Exercise:
Please restate exactly what appears in the records below from the first line to the line where "(A5) VTG Dem" is, that line included.
** Records provided follows **
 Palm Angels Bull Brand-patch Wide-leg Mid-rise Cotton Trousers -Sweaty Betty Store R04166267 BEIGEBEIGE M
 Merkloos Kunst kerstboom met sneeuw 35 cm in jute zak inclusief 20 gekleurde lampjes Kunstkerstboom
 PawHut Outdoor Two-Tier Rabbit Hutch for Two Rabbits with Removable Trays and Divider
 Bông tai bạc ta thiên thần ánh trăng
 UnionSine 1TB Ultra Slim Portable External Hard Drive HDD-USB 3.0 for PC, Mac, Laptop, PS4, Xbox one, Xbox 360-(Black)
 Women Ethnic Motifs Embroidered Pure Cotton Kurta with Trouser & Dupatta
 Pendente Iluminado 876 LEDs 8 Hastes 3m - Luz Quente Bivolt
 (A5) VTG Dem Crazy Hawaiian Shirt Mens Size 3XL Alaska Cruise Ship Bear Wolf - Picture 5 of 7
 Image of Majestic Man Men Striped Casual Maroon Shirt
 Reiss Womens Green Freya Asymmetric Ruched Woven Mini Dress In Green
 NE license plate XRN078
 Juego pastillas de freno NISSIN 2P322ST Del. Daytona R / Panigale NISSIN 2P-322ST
** End of Records provided **
Answer section:
 Palm Angels Bull Brand-patch Wide-leg Mid-rise Cotton Trousers -Sweaty Betty Store R04166267 BEIGEBEIGE M
 Merkloos Kunst kerstboom met sneeuw 35 cm in jute zak inclusief 20 gekleurde lampjes Kunstkerstboom
 PawHut Outdoor Two-Tier Rabbit Hutch for Two Rabbits with Removable Trays and Divider
 Bông tai bạc ta thiên thần ánh trăng
 UnionSine 1TB Ultra Slim Portable External Hard Drive HDD-USB 3.0 for PC, Mac, Laptop, PS4, Xbox one, Xbox 360-(Black)
 Women Ethnic Motifs Embroidered Pure Cotton Kurta with Trouser & Dupatta
 Pendente Iluminado 876 LEDs 8 Hastes 3m - Luz Quente Bivolt
 (A5) VTG Dem Crazy Hawaiian Shirt Mens Size 3XL Alaska Cruise Ship Bear Wolf - Picture 5 of 7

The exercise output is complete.